Build a Network
In Afghanistan, our network consisted of local villagers, elders, contractors, children, police, and even Taliban. Your network supplies you with intelligence (leads), and introduces you to other people (prospects) who become additional sources of information.
This network was important and drove much of what we did. My job has changed, but I still need and continuously develop my network. Now it consists of other brokers (commercial and residential), developers, lenders, architects, accountants, government officials, attorney’s, and various business owners.
Your network provides you expertise in other areas, answers questions, makes introductions, and even sends you new business – grow it.
Speak the Language
One of the inherent problems of operating in Afghanistan is that we didn’t speak Pashto, and the Afghans didn’t speak English. Because of this, we were forced to rely on interpreters and what we called “Pointy Talky” – essentially hand signals.
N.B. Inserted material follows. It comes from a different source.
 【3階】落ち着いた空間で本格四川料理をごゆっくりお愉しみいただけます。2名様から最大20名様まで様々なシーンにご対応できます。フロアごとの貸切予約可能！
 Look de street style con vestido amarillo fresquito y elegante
Although crude, Pointy Talky actually worked pretty well, and was easier than learning Pashto (although we all picked up various phrases).
Bottom line – through Pointy Talky, our Afghan counterparts could understand us. You shouldn’t have to do Pointy Talky with your clients, but you need to speak their language. Not everyone understands acronyms like TI’s, psf, LOI, BTS, or CAM. They might not get zoning codes, easements, or gross vs. NNN (let alone what NNN means). Speak like a normal person, so normal people can understand you.
What’s Really Important
I joined the Army because I love my Country and I wanted to fight for it. War is dangerous – people get injured and killed every day. I don’t know a single person who fought for their country; risking their life every day, for an award or medal.
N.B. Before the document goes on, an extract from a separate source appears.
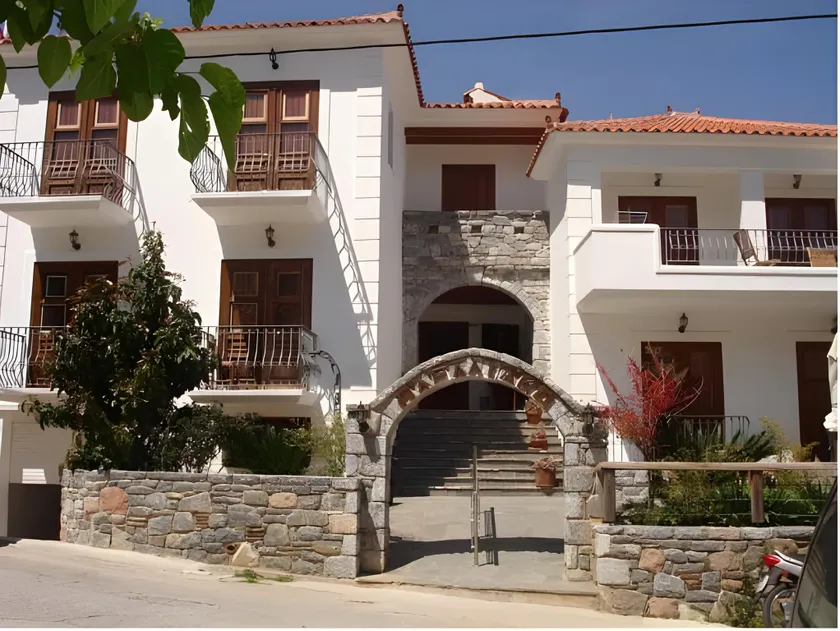 Hotel PARALIAKO Kyparissi - Image 1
They fight for the guys on their left and right – their teammates. Your teammates become more important than anything else, and are the reason you fight – your motivation.
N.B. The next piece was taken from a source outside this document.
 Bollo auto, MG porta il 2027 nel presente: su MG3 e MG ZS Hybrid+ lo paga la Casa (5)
One of the most important things I’ve learned in real estate is to test for client motivation, and to learn what’s important to them. You can’t just assume that you already know what your clients want – you have to ask!
By asking the questions and testing motivation, you’ll find out if they’re a legit prospect, or just kicking the tires (and wasting your time). From there, you need to ask what’s important to them and continuously reevaluate throughout the entire process.